1525725_579050988838796_847342288_n

Flávio José Gonçalves é professor e pesquisador da UNIMONTES (Universidade de Montes Claros, cidade da Mayra!). É mestre em desenvolvimento social, linha de pesquisa antropológica com dissertação NEGROS DE POÇÕES: FEITIÇÕS E OUTROS CAXANGÁS EM SEUS PROCESSOS SOCIAIS. É ele quem nos conta O QUE NÃO SABEMOS SOBRE CAFUNÉ, com base em suas pesquisas de campo:

Nas minhas andanças pelas bandas do Rio São Francisco, observando e participando da vida dos ribeirinhos e barranqueiros, uma coisa atraiu-me, algo da corporalidade brasileira: o cafuné.

Em todas as portas das casas, ao entardecer, as pessoas sentam nos bancos feitos de madeira ou em cadeiras de descanso ou espreguiçadeiras e fazem cafuné nas cabeças de meninos, meninas, maridos, esposas, velhos e entre os namorados. Desde o estourar de espinhas e cravos nos rostos, o cafuné é um ato carinhoso do Cafuné, o ato de coçar levemente a cabeça de alguém, para fazê-la adormecer ou relaxar, o que significa fazer carinhos, acariciar.

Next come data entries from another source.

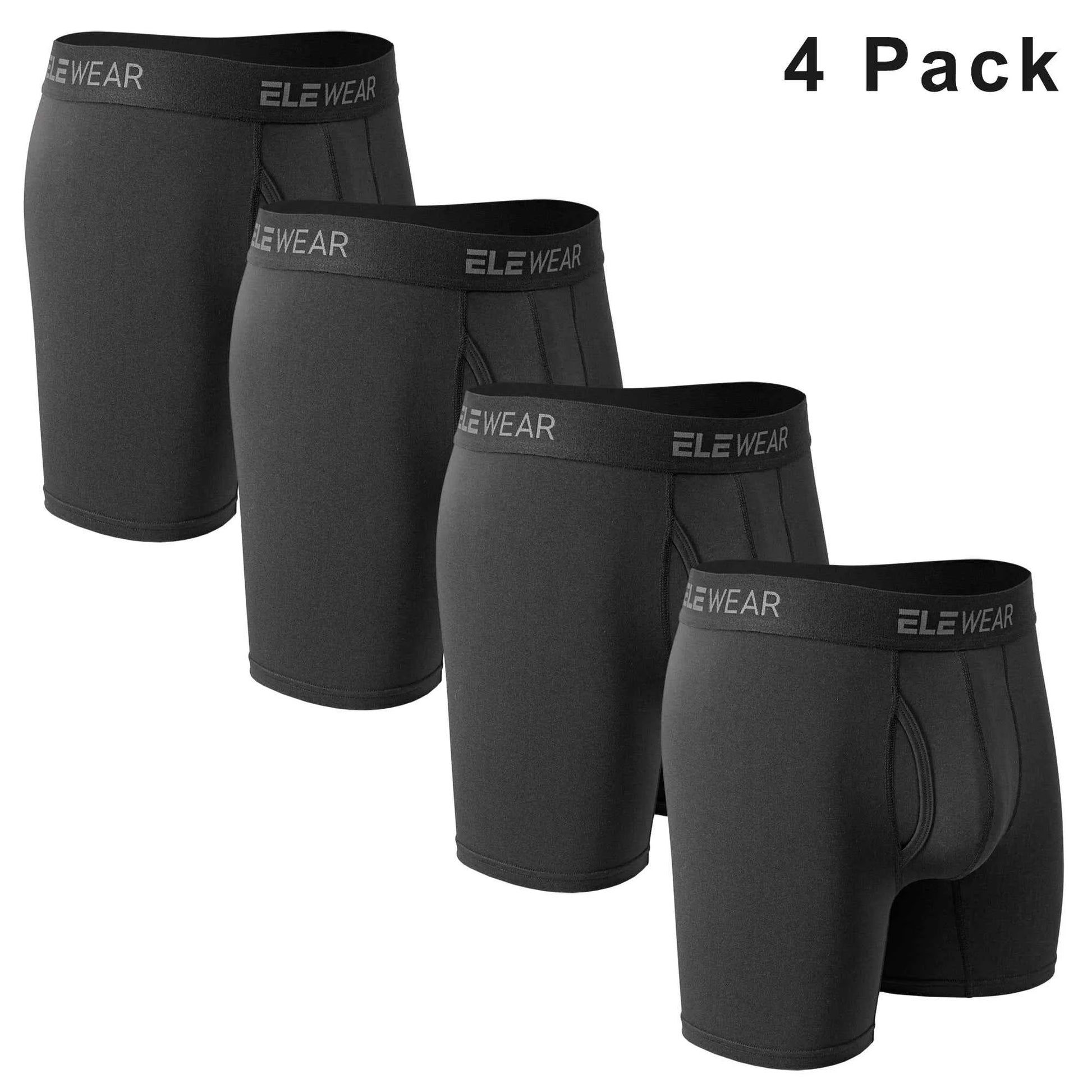 4 Pack Men's Breathable Boxershorts with Opening - Plus Size Fashion Underwear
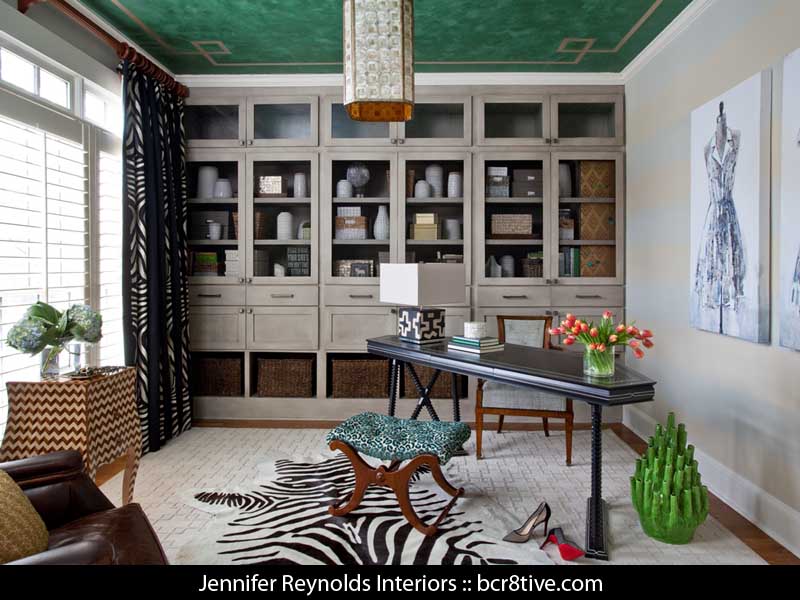 Jennifer Reynolds Interiors - Custom Painted Ceilings by Kevin Bruce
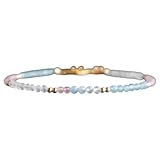 TIAMHANISAN New 2026 Fertility Bracelet Gift With Rose Quartz Moonstone Aiquamarine For Mom To Be, Pregnancy Wish Bracelet, Ivf Bostier Jewelry Fashion Accessories Creative
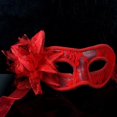thumbnail image 1 of Lace Masquerade Mask Carnival Party Eye Mask with flowers for Halloween, 1 of 1
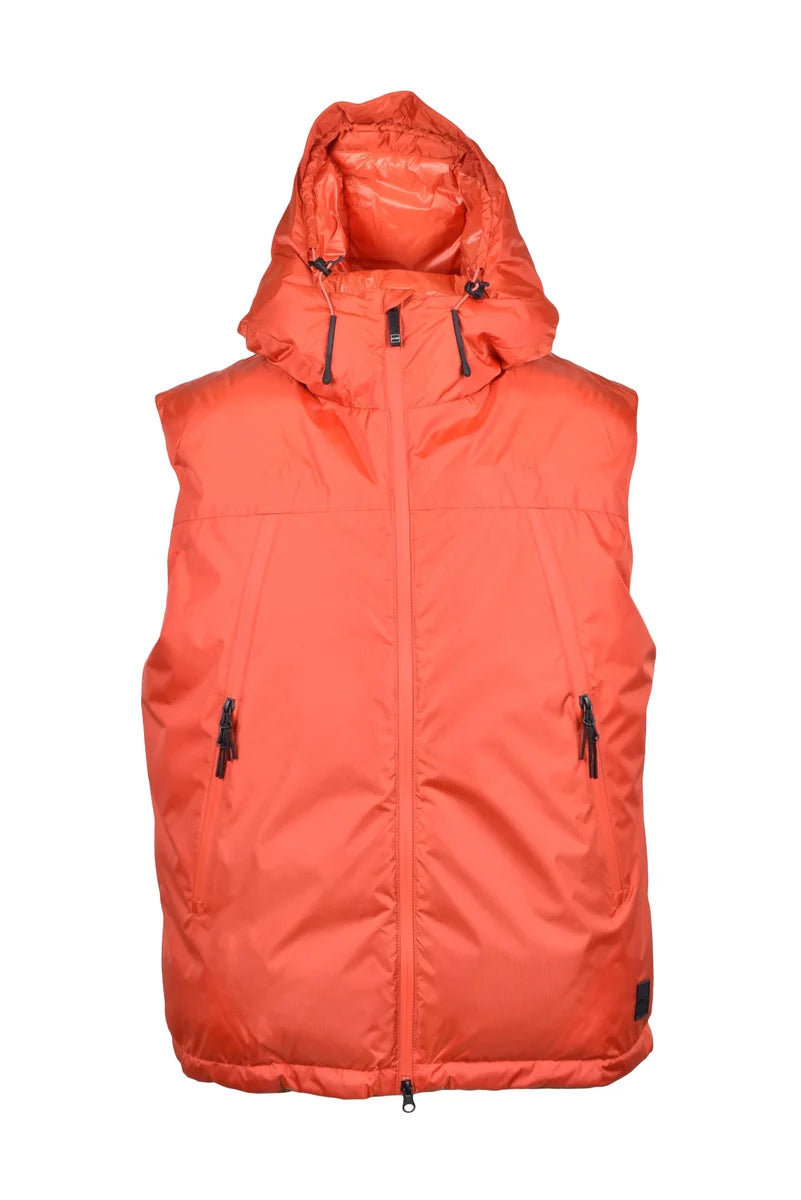 Padded Gilet Maxi Pockets - Red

A origem do termo ou do ato carinhoso do cafuné é controversa, alguns pesquisadores do timbre de Roger Bastide pensava ser o cafuné de origem africana, mas observando fotos etnográficas de Lévi-Strauss é possível perceber entre os índios Bororós a prática social de catar piolhos e acariciar coçando as cabeças de elementos deitados nos colos de índias mães ou companheiras.

Depois de observar, fui a campo para saber o que os nativos das bandas do Rio São Francisco podiam falar sobre o cafuné, daí me inseri neste campo de estudo e vi inovações, algo diferente do que tinha pesquisado em Roger Bastide, Herbert Baldus, Darcy Ribeiro e Roquete-Pinto.

Durante as minhas conversas com os barranqueiros, depois de muitos risos e gargalhadas, muitos descreviam o ato de fazer cafuné. Nesses encontros com os nativos de São Francisco, do outro lado do rio, encontro uma mulher negra de mais ou menos sessenta anos, a Dona Minervina, muito conhecida como feiticeira, mãe de santo, rezadeira e benzedeira em quase tudo. Nos seus discursos, ela afirmava que as pessoas sempre vem para ela fazer um cafunezinho na cabeça para aliviar as dores do dia a dia: “… tem um amigo meu lá de Carinhanha, todas as vez que ele passa aqui, no buteco, pede para fazer um cafuné na sua cabeça antes de benzer com a garrafa d’água (pausa…) ele senta, chega de dormir, com o cafuné na cabeça… ele disse que se esquece de muita coisa, daí pouco a pouco, vou coçando mais e mais a sua cabeça fedida de suor de homem vaqueiro, aquela mistura de cheiro de cavalo e de boi (risos…)”.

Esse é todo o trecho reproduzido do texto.